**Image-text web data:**
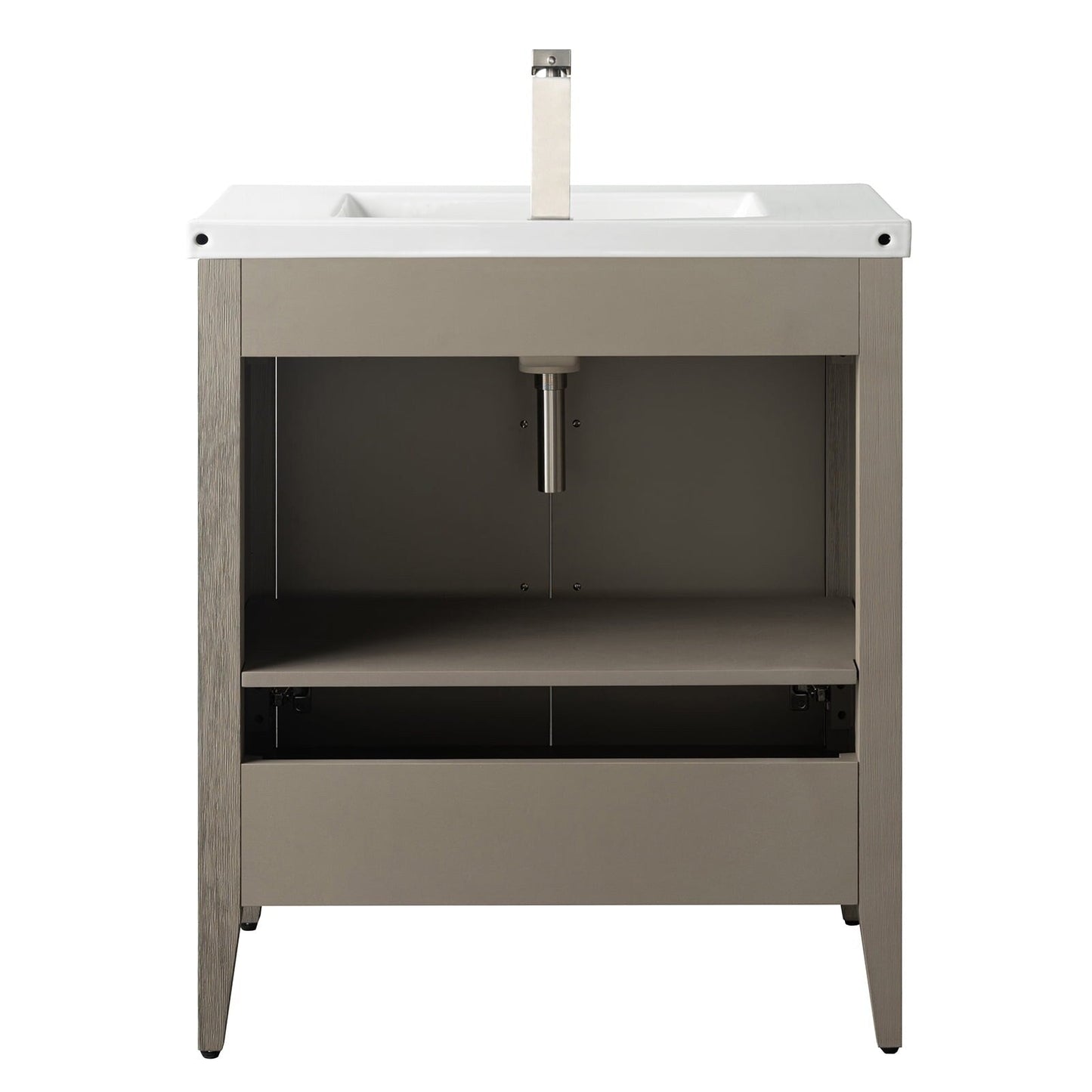 Mobiletto per lavabo da bagno Vanity Art 20 o 24 o 30 con piano in ceramica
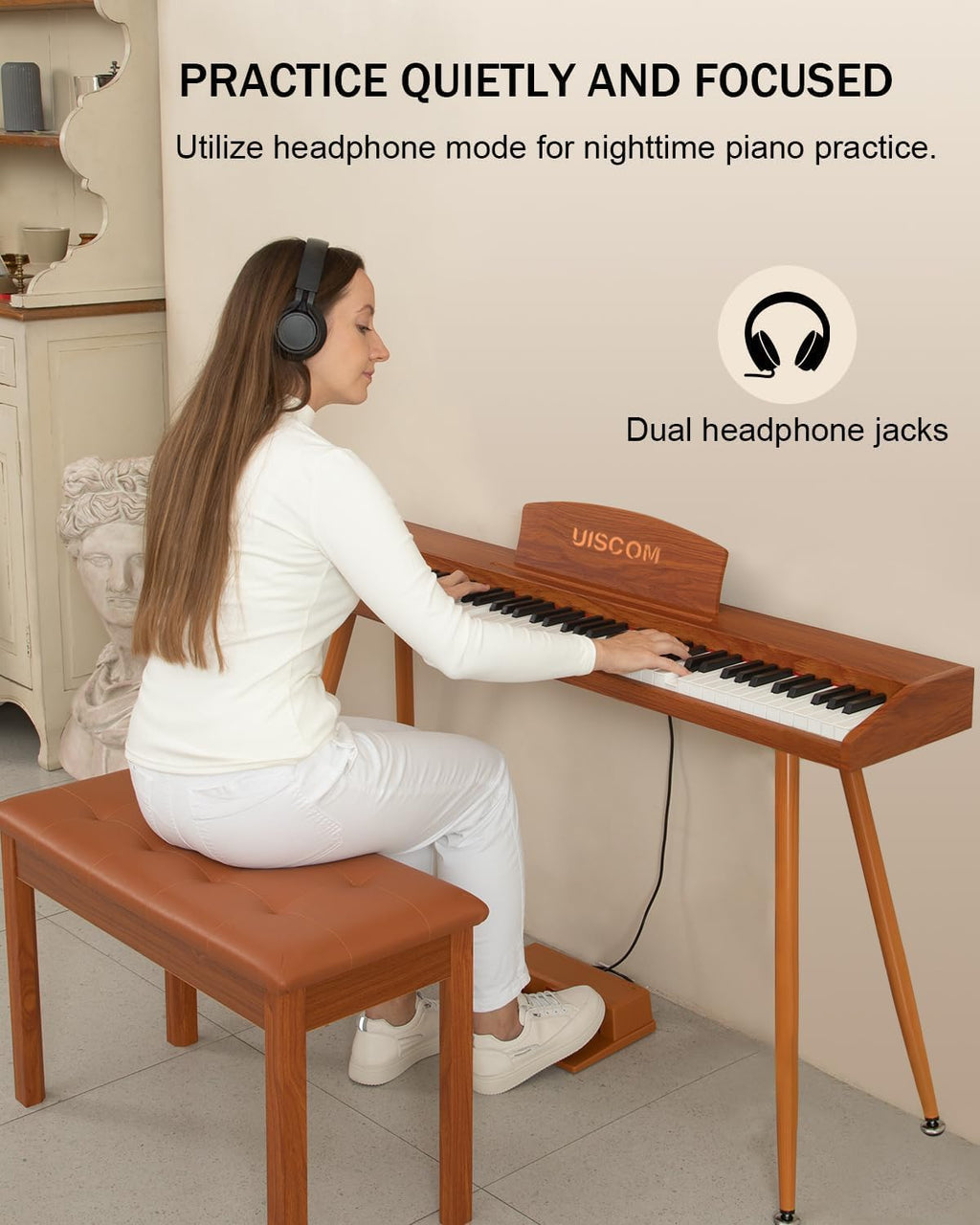 88 Key Semi-Weighted Digital Piano Keyboard J1537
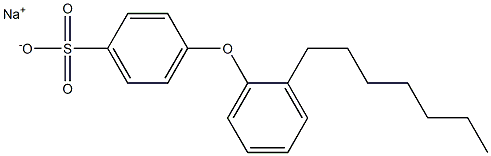 4-(2-Heptylphenoxy)benzenesulfonic acid sodium salt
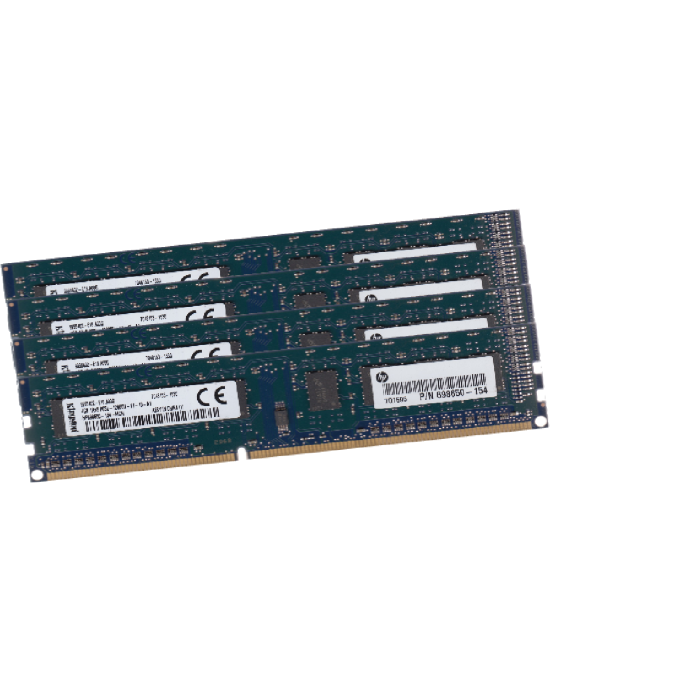 Kingston 16GB 4x 4GB DDR3 1600L MHz DIMM Low Voltage Ram Speicher Desktop PC-12800 240P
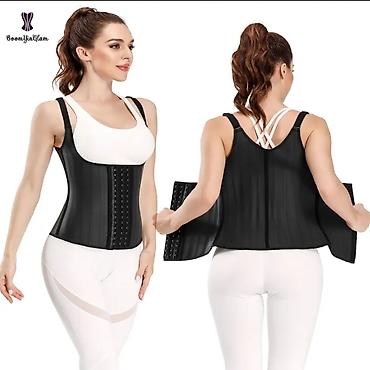 Бандажи, корсеты, корректоры: Korset 
25 sümük mayka 
qarın yığan 
dəri material — 2
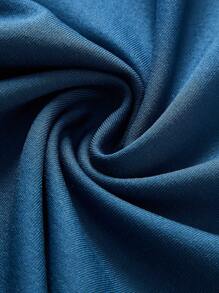 SHEIN Teen Girl dệt kim cổ vuông thông thường cho mùa hè để mặc hàng ngày - Màu xanh ngọc - Xem 3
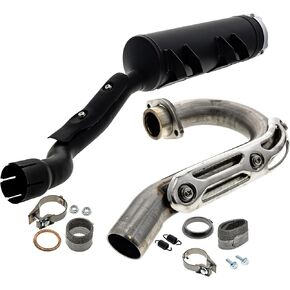 NICHE Exhaust Kit Muffler Silencer Header Manifold for Yamaha YFZ450 YFZ450R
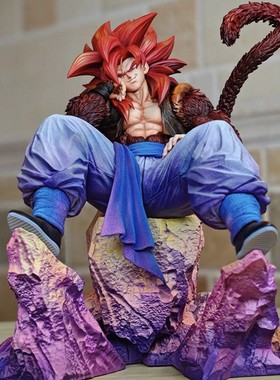 七龙珠二次元桌搭摆件FXW坐姿超四悟吉塔GK手办动漫周边潮玩礼物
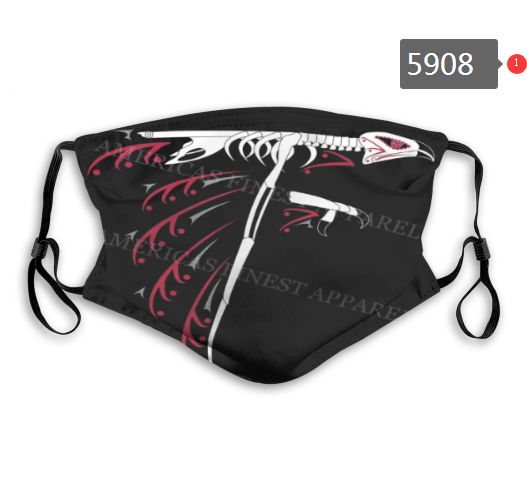 2020 NFL Atlanta Falcons Dust mask with filter->nfl dust mask->Sports Accessory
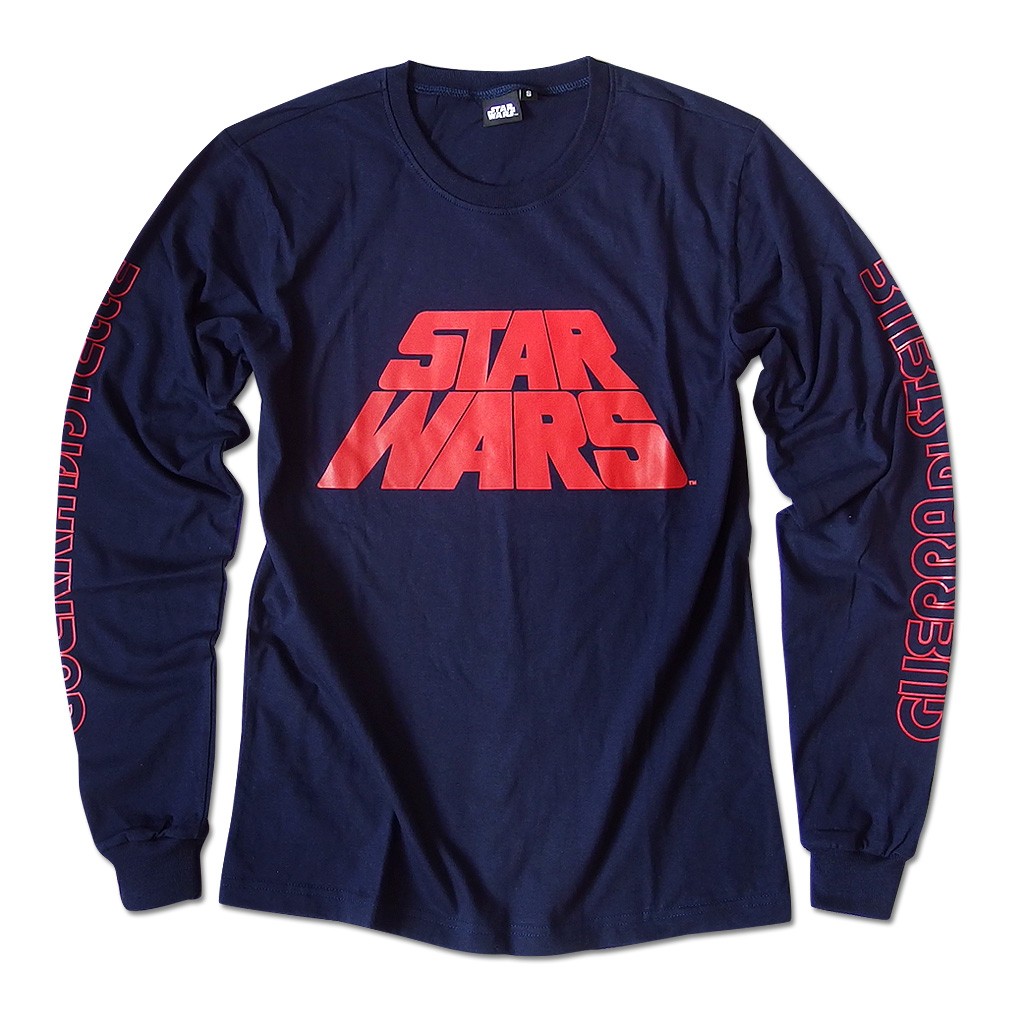 STARWARS スターウォーズ Tシャツ メンズ ロンT 長袖 ネイビー ダース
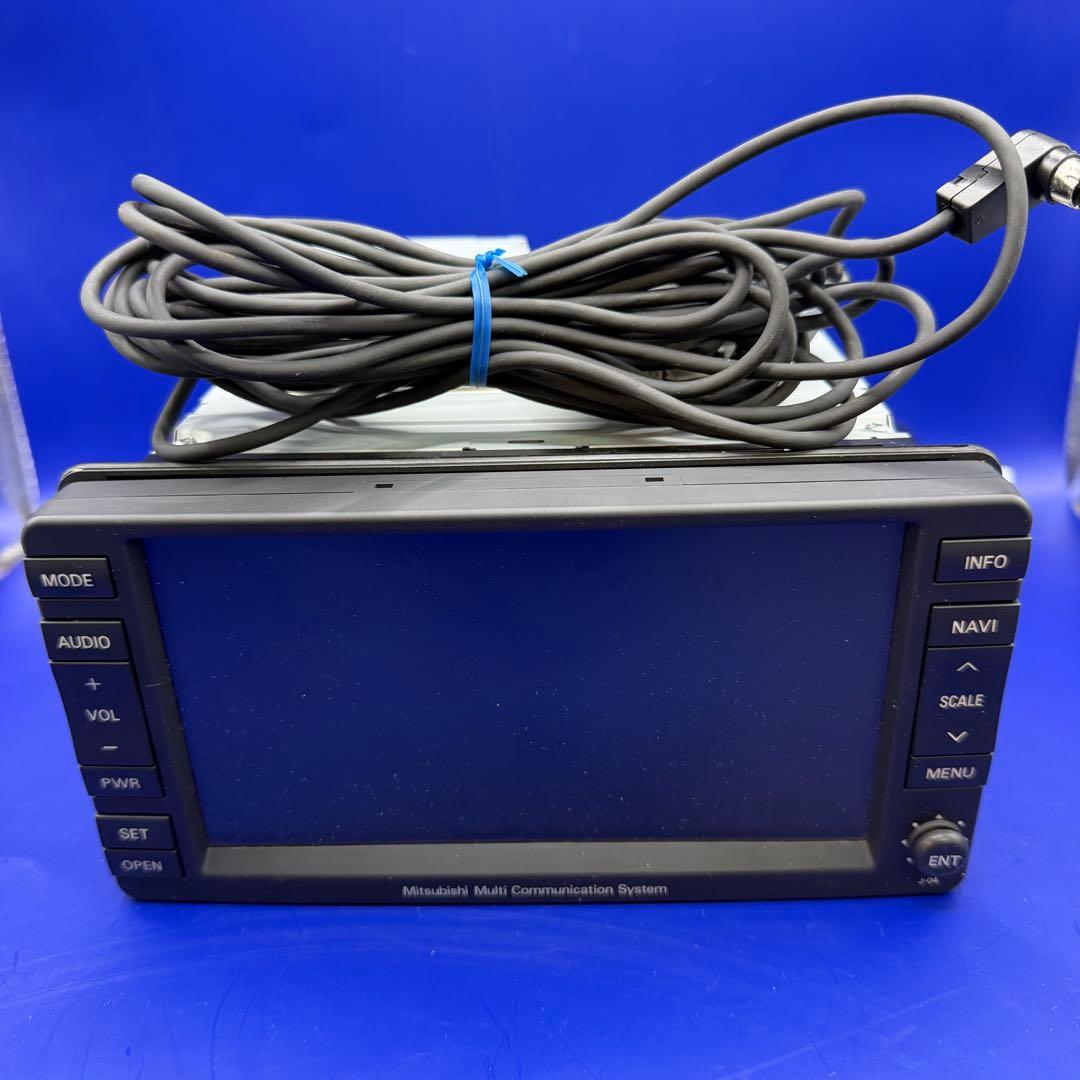 ☆三菱 HDDナビ J-04 ランエボ デリカD5 cv5w cv1w 純正ナビ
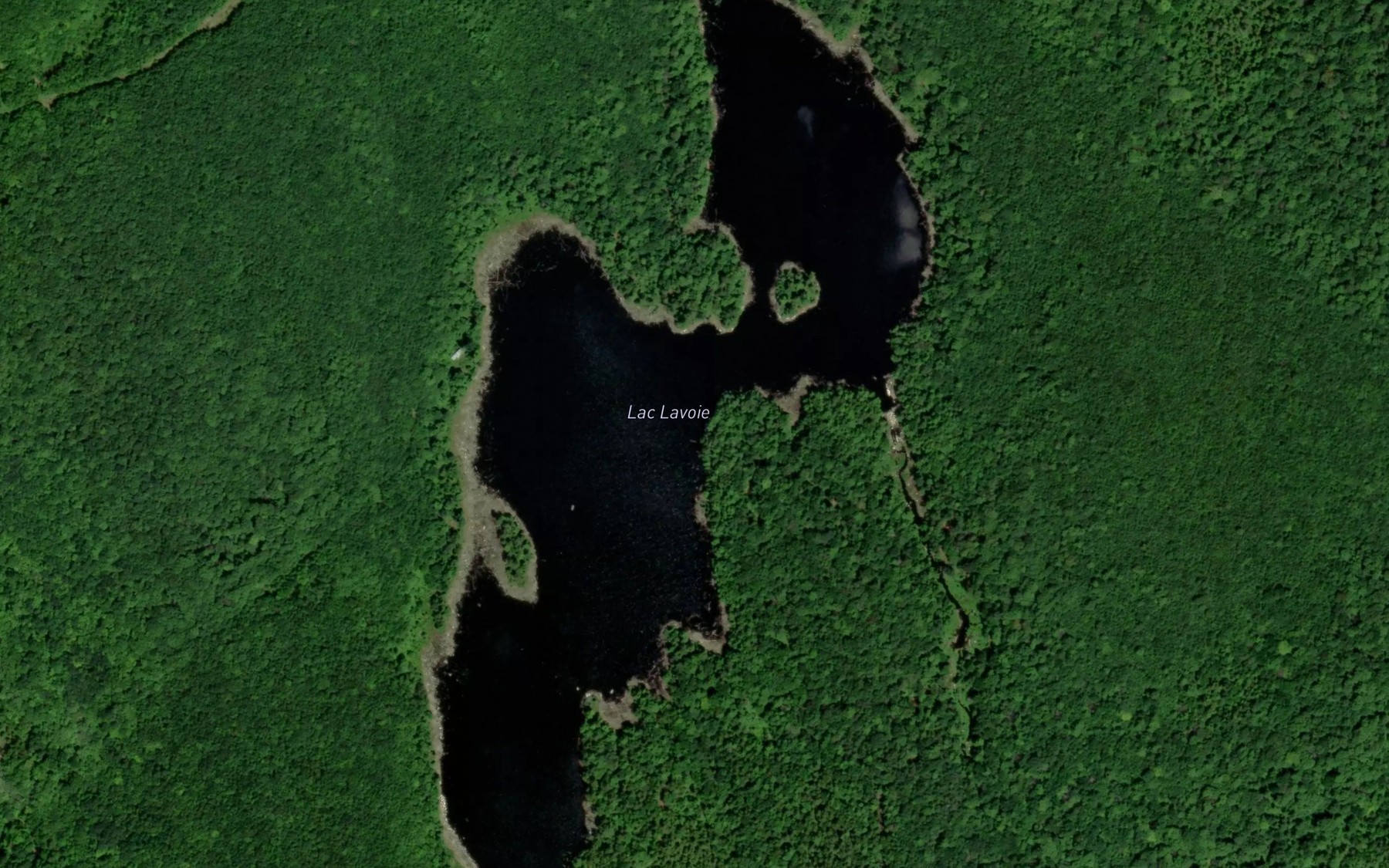 Satellite map of the Lac Lavoie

**What you need to do:** Line by line, write out the records above exactly, skipping the pictures.

**Response:**
 Mobiletto per lavabo da bagno Vanity Art 20 o 24 o 30 con piano in ceramica
 88 Key Semi-Weighted Digital Piano Keyboard J1537
 4-(2-Heptylphenoxy)benzenesulfonic acid sodium salt
 Kingston 16GB 4x 4GB DDR3 1600L MHz DIMM Low Voltage Ram Speicher Desktop PC-12800 240P
 Бандажи, корсеты, корректоры: Korset 
25 sümük mayka 
qarın yığan 
dəri material — 2
 SHEIN Teen Girl dệt kim cổ vuông thông thường cho mùa hè để mặc hàng ngày - Màu xanh ngọc - Xem 3
 NICHE Exhaust Kit Muffler Silencer Header Manifold for Yamaha YFZ450 YFZ450R
 七龙珠二次元桌搭摆件FXW坐姿超四悟吉塔GK手办动漫周边潮玩礼物
 2020 NFL Atlanta Falcons Dust mask with filter->nfl dust mask->Sports Accessory
 STARWARS スターウォーズ Tシャツ メンズ ロンT 長袖 ネイビー ダース
 ☆三菱 HDDナビ J-04 ランエボ デリカD5 cv5w cv1w 純正ナビ
 Satellite map of the Lac Lavoie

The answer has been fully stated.